Covering Annandale, Bailey's Crossroads, Lincolnia, and Seven Corners in Fairfax County, Virginia

Keesha Jackson-Muir of Braddock Elementary named FCPS 2018 Outstanding Principal

Jackson-Muir [FCPS]

Two of the top three awards announced at the Fairfax County Public Schools honors ceremony went to educators in the Annandale/Mason District Area.

Braddock Elementary School Principal Keesha Jackson-Muir was  named Fairfax County Public Schools 2018 Outstanding Principal, and Alissa Oginsky, a sixth-grade teacher at Holmes Middle School was named 2018 Outstanding Secondary Teacher.

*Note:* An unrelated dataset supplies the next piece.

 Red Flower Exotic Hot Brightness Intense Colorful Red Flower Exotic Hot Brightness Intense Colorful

Among other award winners in the Annandale/Mason area, Emily McCloud, a math teacher at Stuart High School, was named Outstanding New Secondary Teacher, and Nelson Villalobos, a safety and security assistant at Frost Middle School, was named Outstanding School-based Support Employee.

Jackson-Muir was cited for supporting a coding program for students in grades preK-5, the Kids Are Scientists Too initiative with Thomas Jefferson High School for Science and Technology, VEX IQ Robotics, and the Global STEAM (science, technology, engineering, art, and math) Classroom, a partnership with schools in Guatemala.

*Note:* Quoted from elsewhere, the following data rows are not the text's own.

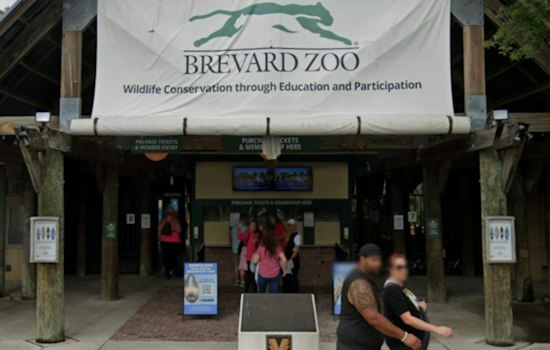 Brevard Zoo Shares Ultrasound as Two Masai Giraffes Near Due Dates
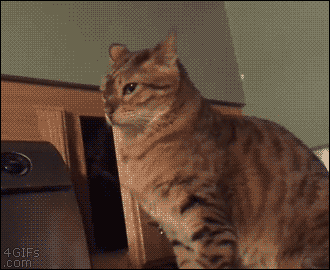 When an editor abruptly gives me somebody else’s unfinished story that I now have to clean up.gif via 9fail 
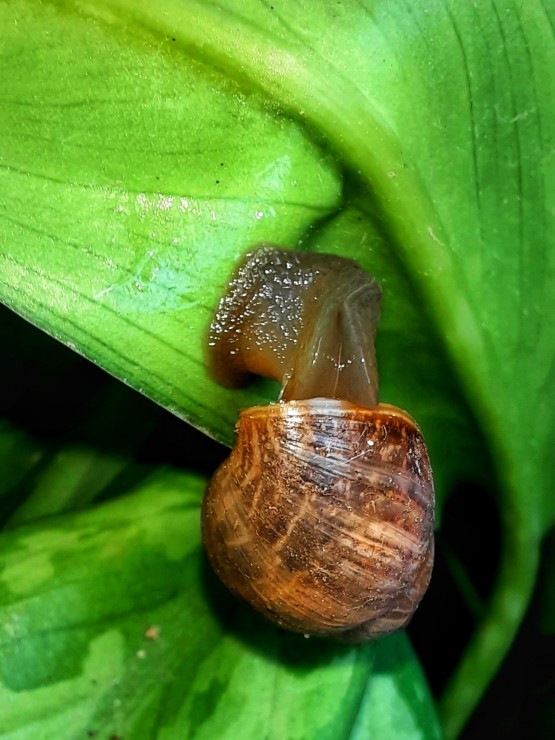 Foto 4/Caracolito paseando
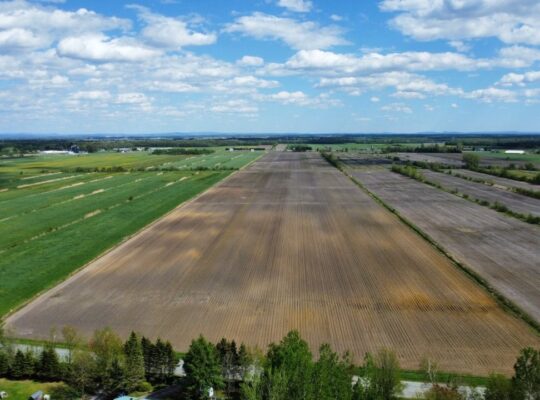 Ste-Eulalie (Ctre-du-Québec)Terres agricoles 188ac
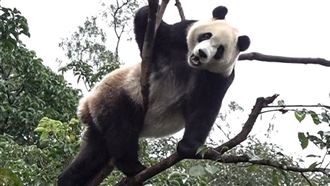 圓寶爬樹下一秒悲劇了！壓斷樹幹墜地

A strong supporter of lifelong learning, Jackson-Muir modeled that concept by joining the fifth-grade band and learning to play the clarinet along other first-year band students.

She was also praised for cultivating leadership in others, developing a professional learning community, increasing the number of minority students participating in the local level IV Advanced Academic Program from two students to more than 150, and increasing Virginia Standards of Learning scores by 10-20 points.

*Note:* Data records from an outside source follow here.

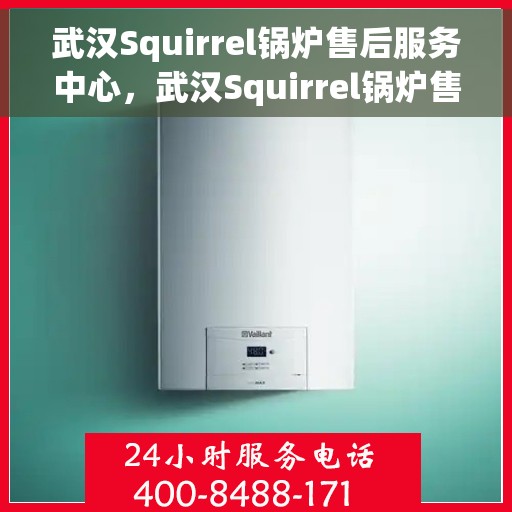 武汉Squirrel锅炉售后服务中心，武汉Squirrel锅炉售后服务中心，专业维修与贴心服务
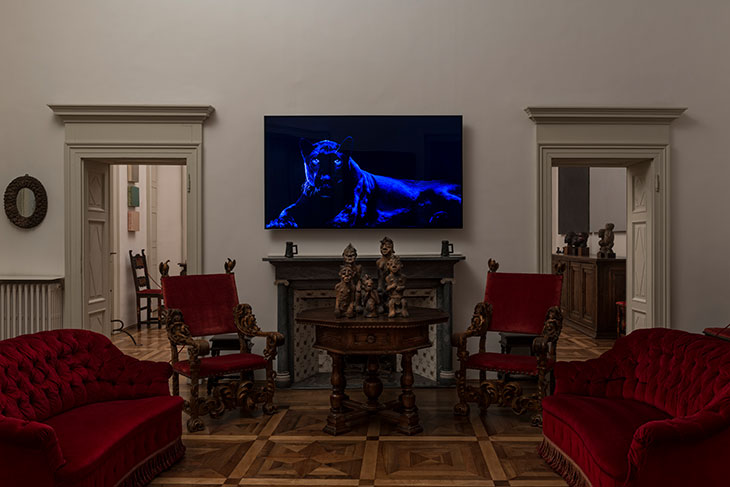Installation view of Robert Wilson’s Ivory: Blank Panther video portrait.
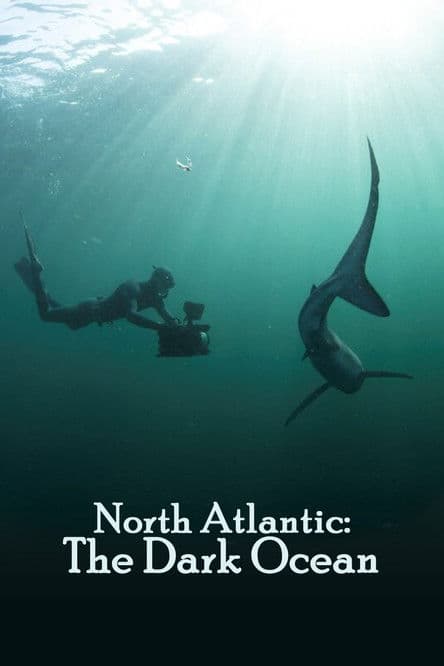 North Atlantic: The Dark Oceanのポスター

Before Jackson-Muir was appointed Braddock principal in 2014, she had been an assistant principal at Parklawn and Hayfield elementary schools, a LEAD Fairfax administrative intern at Belvedere Elementary School, and a gifted and talented specialist at Fort Belvoir and Beech Tree elementary schools.

Oginsky [FCPS]

Oginsky, a social studies lead teacher, was praised for sharing resources with and providing professional learning opportunities for her colleagues at Holmes.

She makes her classes come alive through the use of primary sources. Her students get to touch artifacts from West Africa, analyze portraits from the colonial time period, and interact with maps from the Age of Exploration through the Civil War.

Holmes Principal Margaret Barnes called Oginsky a “dynamic teacher who actively engages her students in rigorous learning experiences each day” and “connects students to larger, global concepts to make what they are learning relevant to their everyday lives.”

As an example, Oginsky worked with students to research the school’s history to create a timeline display for Holmes’ 50th anniversary.

The FCPS 2018 Outstanding Elementary Teacher award went to Mary Bauer of Orange Hunt Elementary School in Springfield.